[[ Supplied material, beginning ]]
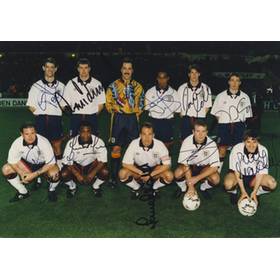 ENGLAND 1994 SIGNED FOOTBALL PHOTOGRAPH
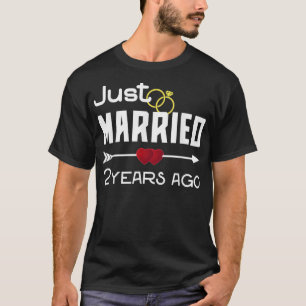 Gerade vor 2 Jahren verheiratet 2. Hochzeitstag T-Shirt
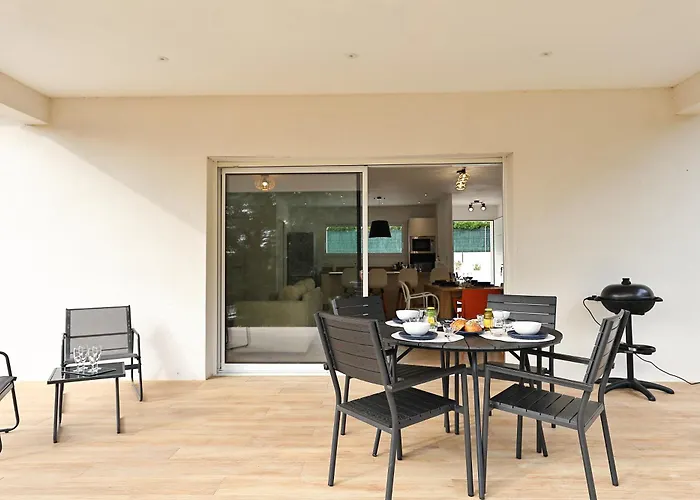 Villa Moderne 2 A Proximite De La *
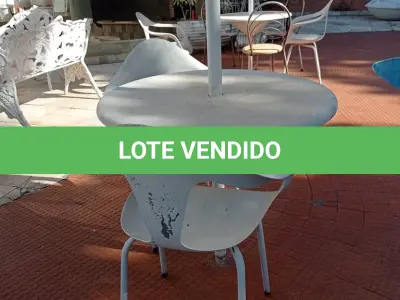 LOTE 277 - 02 CADEIRAS E 01 MESA COM SOMBREIRO PARA JARDIM (NO ESTADO, NÃO SABEMOS SE FUNCIONA. LEILÃO NÃO TEM GARANTIA E NEM DEVOLUÇÃO).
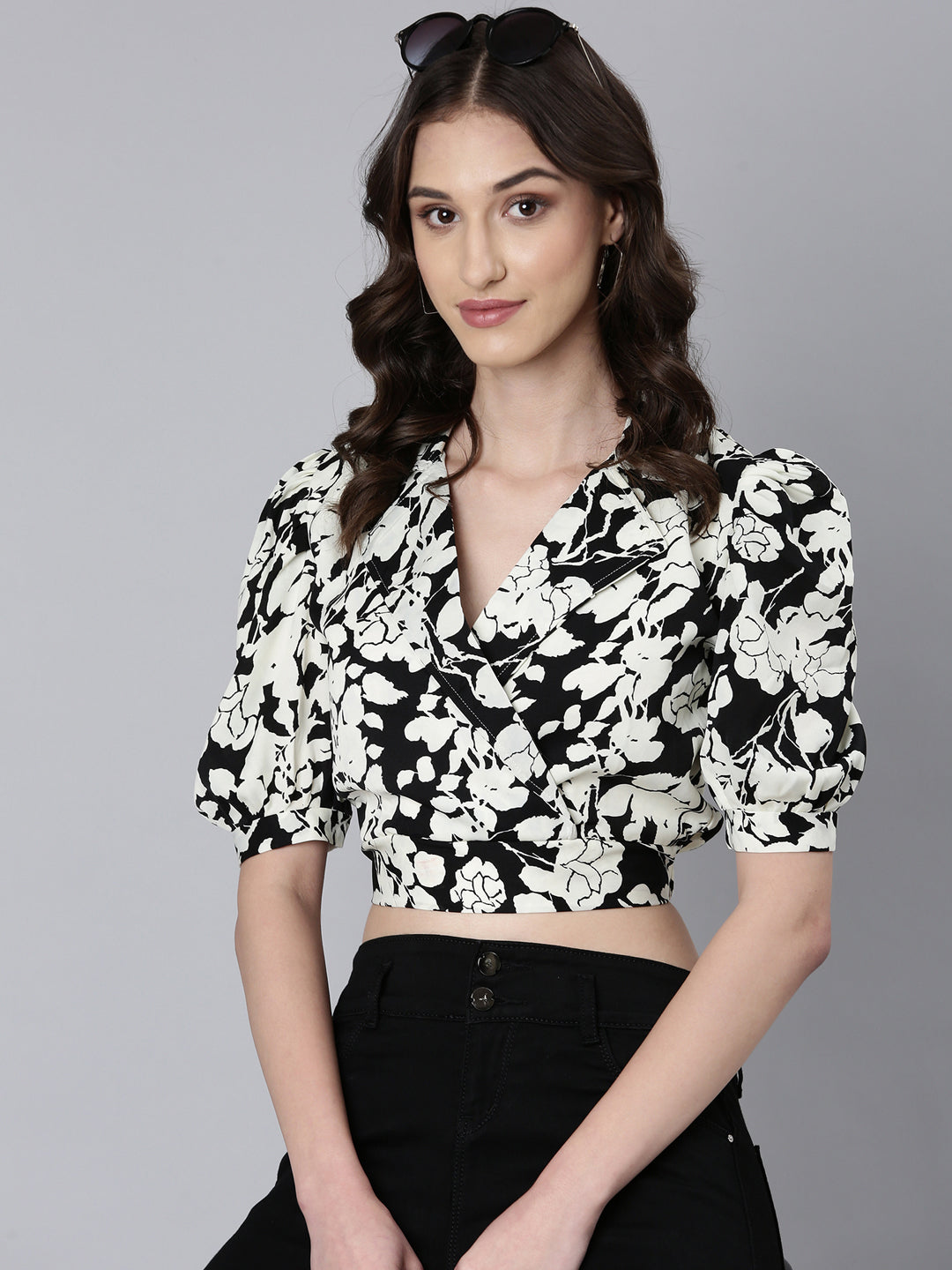 Women's Off White Floral Printed Puffed Sleeve Shirt Collar Wrap Crop Top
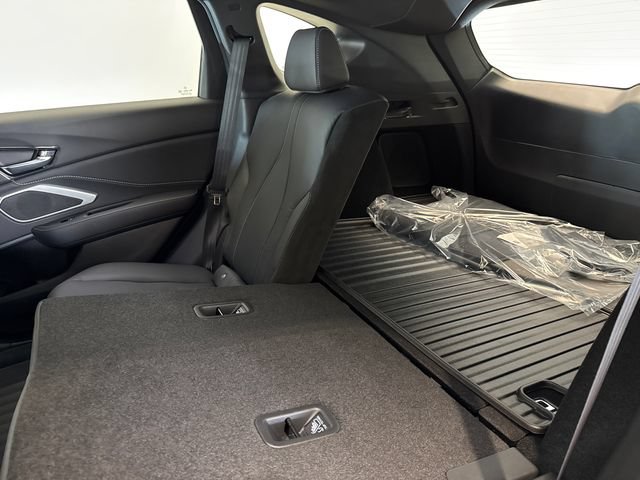 New 2026 Acura RDX SH-AWD image 13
[[ Supplied material, end ]]
Directions for this task →
Starting with the line that contains "Gerade vor 2", reproduce every line down to the end of the listing above, both endpoints included. Pictures stay out.

Task response →
 Gerade vor 2 Jahren verheiratet 2. Hochzeitstag T-Shirt
 Villa Moderne 2 A Proximite De La *
 LOTE 277 - 02 CADEIRAS E 01 MESA COM SOMBREIRO PARA JARDIM (NO ESTADO, NÃO SABEMOS SE FUNCIONA. LEILÃO NÃO TEM GARANTIA E NEM DEVOLUÇÃO).
 Women's Off White Floral Printed Puffed Sleeve Shirt Collar Wrap Crop Top
 New 2026 Acura RDX SH-AWD image 13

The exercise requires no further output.